La moneda de oro y plata circulaba por todo el estado; descendiendo de las más altas clases hasta las más bajas, volvía de éstas a aquéllas por una proporción de necesidades mutuas.
Las transacciones comerciales se hacían al contado, siendo casi desconocido el crédito, en que se funda hoy el eje del comercio de las naciones; sin embargo, cuando alguna persona necesitaba dinero, aun tratándose de cantidades fuertes, no tenía más trabajo que pedirlo a algún amigo o conocido para obtenerlo de inmediato, sin documentos ni otro tipo de seguridades. El doctor Archibald Smith, que visitó Lima después de la guerra de la independencia, atribuye esta rara franqueza únicamente a la integridad de los primeros españoles que se establecieron en el Perú, sin concederle su parte a la abundancia de dinero de este país; sin duda olvida él que la época de la prosperidad de las naciones ha sido la de la integridad de sus costumbres; y que la era de su miseria es la de la corrupción en ellas introducida. La existencia de algunos hombres de probidad en medio de pueblos pobres y abatidos no es más que una excepción a la regla general en la condición de las sociedades humanas.
El precio de los géneros indígenas y extranjeros era excesivamente alto, no solo por causa del sistema de administración colonial sino también por efecto de esa misma abundancia de numerario. Una vara de tela que hoy vale 8 o 6 pesos, valía entonces treinta; y un libro que hoy cuesta 10 pesos, se compraba en aquellos tiempos por ochenta o cien. De aquí la facilidad de los comerciantes para hacer fortuna en pocos años. No hace mucho murió en el Cuzco cierta persona que adquirió 4.000 pesos vendiendo únicamente aguas, y con esta cantidad empleada en libros en el mercado de Cádiz, aumentó su capital a casi medio millón de pesos.

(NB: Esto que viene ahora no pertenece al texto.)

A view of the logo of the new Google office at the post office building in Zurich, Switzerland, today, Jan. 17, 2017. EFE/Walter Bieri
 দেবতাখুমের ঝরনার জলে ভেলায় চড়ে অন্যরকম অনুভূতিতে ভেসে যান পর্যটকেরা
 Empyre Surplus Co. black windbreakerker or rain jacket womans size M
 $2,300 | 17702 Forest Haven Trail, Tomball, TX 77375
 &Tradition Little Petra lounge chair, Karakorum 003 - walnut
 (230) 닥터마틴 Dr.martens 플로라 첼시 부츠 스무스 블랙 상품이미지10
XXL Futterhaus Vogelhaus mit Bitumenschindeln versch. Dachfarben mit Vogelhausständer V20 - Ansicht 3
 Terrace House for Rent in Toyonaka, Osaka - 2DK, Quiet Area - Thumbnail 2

En las fiestas, juegos públicos y bailes, se apreciaba la abundancia de dinero, así como el desprecio que le demostraban los peruanos. Las jaranas y fandangos, en que la airosa y simpática americana solía ejecutar su danza favorita de la tierra haciendo lucir, en medio de una sociedad seleccionada, la flexibilidad de sus delicados pies, el donaire de sus movimientos, y la graciosa expresión de su fisonomía animada por la alegría, y todo vivificado por el brillo de los diamantes, y de las luces, eran un espectáculo digno de un pintor histórico de costumbres, como Walter Scott, o de un observador penetrativo como Moliere. Al fin de cada danza acostumbraban los enamorados y admiradores de la doncella lanzar a sus pies puñados de plata acuñada, que inmediatamente levantaba un grupo de criados, que presenciaban la fiesta apiñados en la puerta.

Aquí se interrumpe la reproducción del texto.